So God Told Nehemiah to Rebuild the Wall

Evidently, somewhere along the way in the debate over Trump’s proposed Wall along the Mexican border, House Speaker Nancy Pelosi must have asked, “What would Jesus do?” I personally don’t remember her asking this, but many evangelicals started circulating a meme claiming that God told the Old Testament character, Nehemiah, to reconstruct the Wall around ancient Jerusalem; therefore, Jesus would presumably tell us to build our President’s “big, beautiful” Wall! The meme ends by saying to Pelosi something like, “So stop asking what Jesus would do and just read the Bible”

Huh? God told Nehemiah to rebuild the Wall around Jerusalem sometime in the fifth century B. C. (or BCE, if you prefer), so Jesus of Nazareth would instruct the 21st century United States to build a wall of protection along the Mexican border. Right? Yeah, right! This is so convoluted it’s not even funny, but folks shooting this meme around are actually quite serious, and will even add the fact that there is (supposedly) a wall around heaven, or the New Jerusalem, as it’s described in the apocalyptic Book of Revelation, perhaps the most symbolic and esoteric book in the Bible.

Of course, Nehemiah was also a eunuch, so maybe we should think about something similar for our POTUS??? 

Ah, but the lengths some will go to in order to prove a point… Ridiculous but often times funny, really! More later, and till then blessings to one and all!

 

Trafficking in People: What Solutions?

Thank heavens Republicans, Democrats, and the President were able to come to an agreement to at least temporarily reopen government, even if it is only for three weeks. At least the 800, 000 workers who have gone without pay will not only now go back to paying jobs, but will also receive very much needed backpay. Our prayers continue for them and their families.

In his remarks about this temporary agreement, though, President Trump used his time to make yet another pitch for the Wall. Well, we’ve heard his claims over and over again, and in this blog (as well as many other blogs and outlets), these claims have been reviewed … mostly. One that I personally have overlooked, however, has been his claim that thousands of human trafficking victims are smuggled across our southern border.

My apologies go out to the President and his supporters for this tragic oversight.
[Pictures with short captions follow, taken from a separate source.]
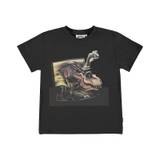 Molo t-shirt s/s, Rame, hellodino - 122,7år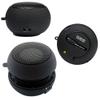 Wired Speaker Portable Compatible for Amazon Fire HD 10 (2019 Model ONLY) - Audio Multimedia Rechargeable Black view 1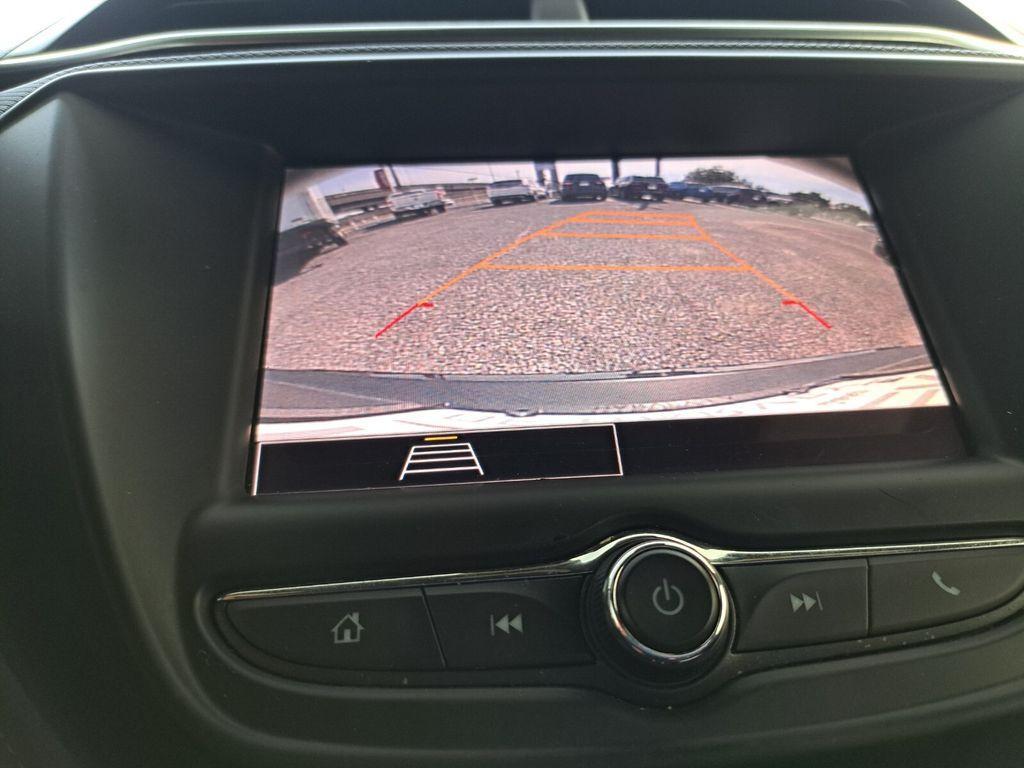 used 2022 Chevrolet TrailBlazer car, priced at $17,768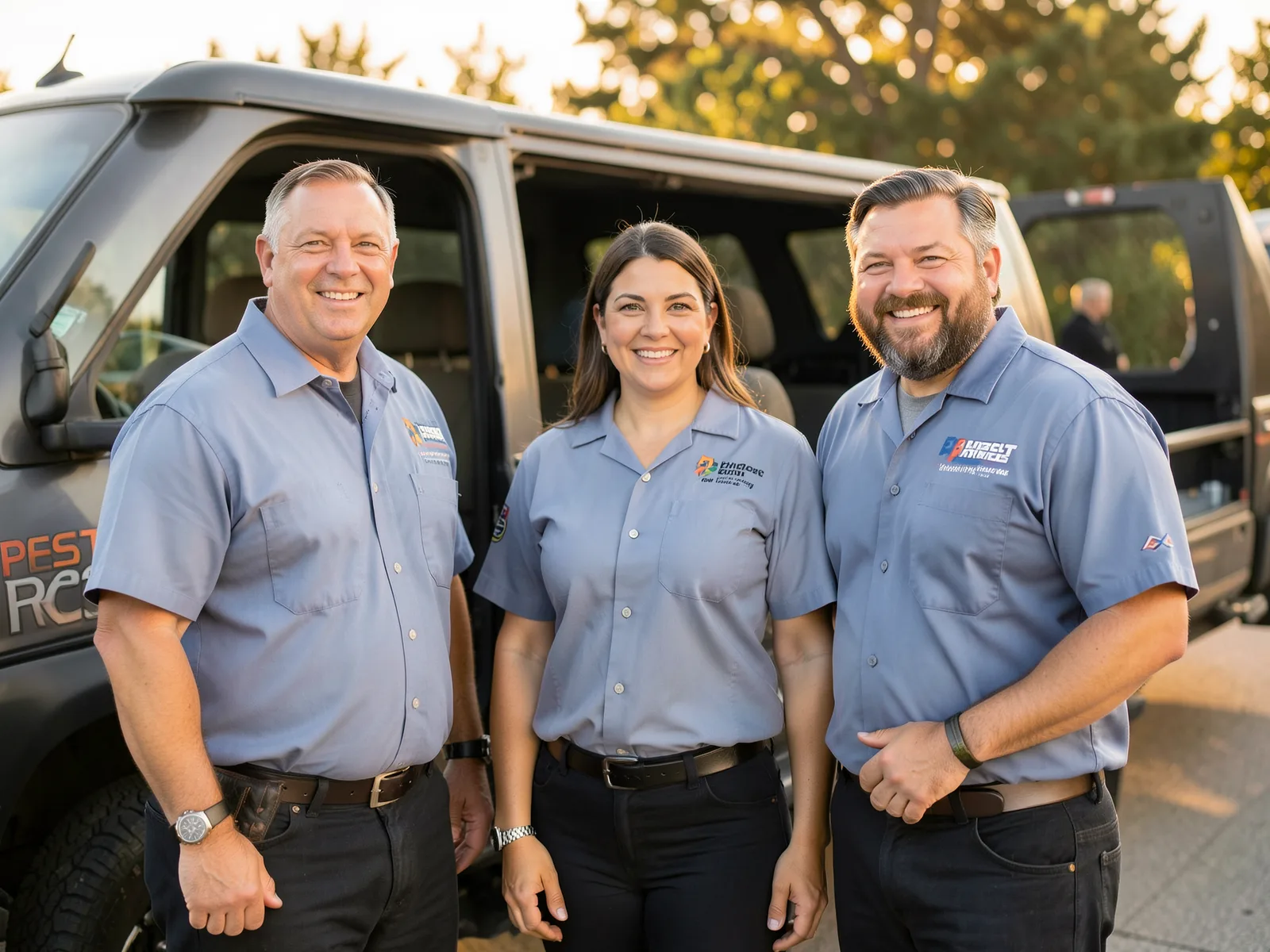 Pest Control company in Rainier, OR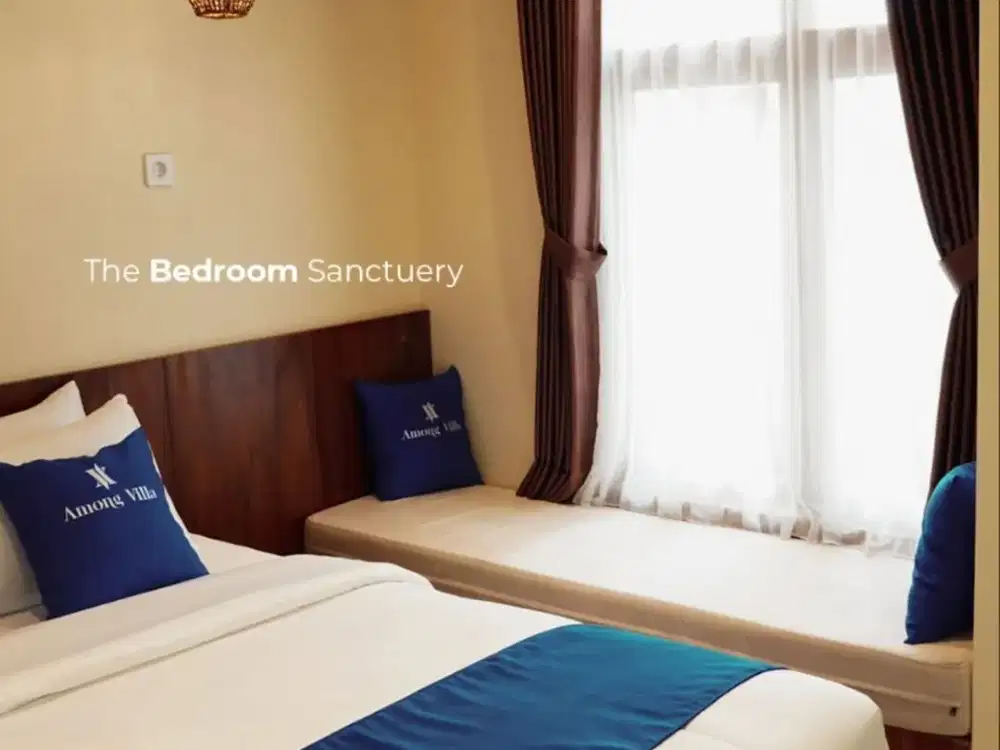 Among Villa Demangan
Human trafficking is an extremely horrible problem involving tens of thousands of individuals “trafficked into the U. S. yearly,” according to the U. S. Department of State. And, indeed, the “Department of State also expresses that Mexico is the primary country of origin
for trafficking victims…” So, we do have a problem here, no doubt about it.

The U. S. Immigration and Customs Enforcement Agency recently reported:

In fiscal year 2016, HSI initiated 1,029 investigations with a nexus to human trafficking and recorded 1,952 arrests, 1,176 indictments, and 631 convictions; 435 victims were identified and assisted.

Impressive though this is, when comparing the above figures with the total number of individuals being trafficked into the country annually, we clearly have an awful lot of work to do, including better securing our southern border. How is this best achieved, though? Is the President correct in surmising that a strong, tall border wall from “sea to shining sea” will almost completely cut out human trafficking into the United States?

Several important factors in combatting human trafficking from Mexico involves Mexico itself, that is: Need for increased awareness, the strengthening of anti-trafficking laws, greater dedication to the enforcement of those laws, more compassionate response to and support of victims, and other necessary changes. Beyond this, though, there are some actions the United States can take.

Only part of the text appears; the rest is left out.